As I wrote in part one of this series, we could count the number of Indigenous feature-film directors on two hands at the end of last century. Now, it’s not a difficult task to put together a Letterboxd list of over a hundred Native-identified filmmakers bringing diverse dramatic and documentary feature works across a range of genres to the screen. If we want a list of a dozen queer Native features, we can have one! If we want a list of 50 Native women-made features about Native women and their lived experience, we can have that, too.
This change didn’t happen out of nowhere. Activist groups around the world planted the seed: Ngā Tamatoa, Te Manu Aute and Polynesian Panthers in Aotearoa New Zealand; the Black Panthers in Australia; the American Indian Movement (AIM) and the National Indian Brotherhood (now the Assembly of First Nations) in North America; and ALOHA and subsequent sovereignty movements in Hawai’i.
From Te Manu Aute came the Māori screen umbrella organization Ngā Aho Whakaari. AIM planted the seed in establishing the American Indian Film Institute, and its American Indian Film Festival, in San Francisco (founder Michael Smith was one of the original Native rights occupiers at Alcatraz in the 1970s). Hawai’i now has PICCOM; Canada has its own Indigenous Screen Office; Sámi has the International Sámi Film Institute; the Inuit, Isuma.tv.

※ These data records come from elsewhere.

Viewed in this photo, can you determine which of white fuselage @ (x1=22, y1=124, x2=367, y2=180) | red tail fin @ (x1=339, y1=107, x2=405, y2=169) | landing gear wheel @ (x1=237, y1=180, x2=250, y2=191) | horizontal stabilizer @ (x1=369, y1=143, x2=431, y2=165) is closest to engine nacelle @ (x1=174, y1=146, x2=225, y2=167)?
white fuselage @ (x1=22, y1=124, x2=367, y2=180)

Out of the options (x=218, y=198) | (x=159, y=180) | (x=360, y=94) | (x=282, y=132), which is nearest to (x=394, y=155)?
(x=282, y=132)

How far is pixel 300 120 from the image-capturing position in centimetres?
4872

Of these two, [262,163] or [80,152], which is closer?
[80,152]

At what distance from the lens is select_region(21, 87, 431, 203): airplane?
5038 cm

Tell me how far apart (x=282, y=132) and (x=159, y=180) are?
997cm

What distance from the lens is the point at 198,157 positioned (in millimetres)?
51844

And in Latin America, the Latin American Council on Indigenous People’s Film and Video (CLAI) has, since 1986, represented and pushed for Native-language films and Indigenous-told stories on screen. The open-access Latin American Cinegogia project helpfully tracks films that use the lens of cinema to represent Indigenous subjects, look at colonization and colonialism’s lasting effects, and the cultural legacy of Latin America’s Indigenous populations.
These grassroots movements have lobbied for resources for filmmakers who now take their films around the world on both mainstream and Indigenous film festival circuits. All of this work is not before time.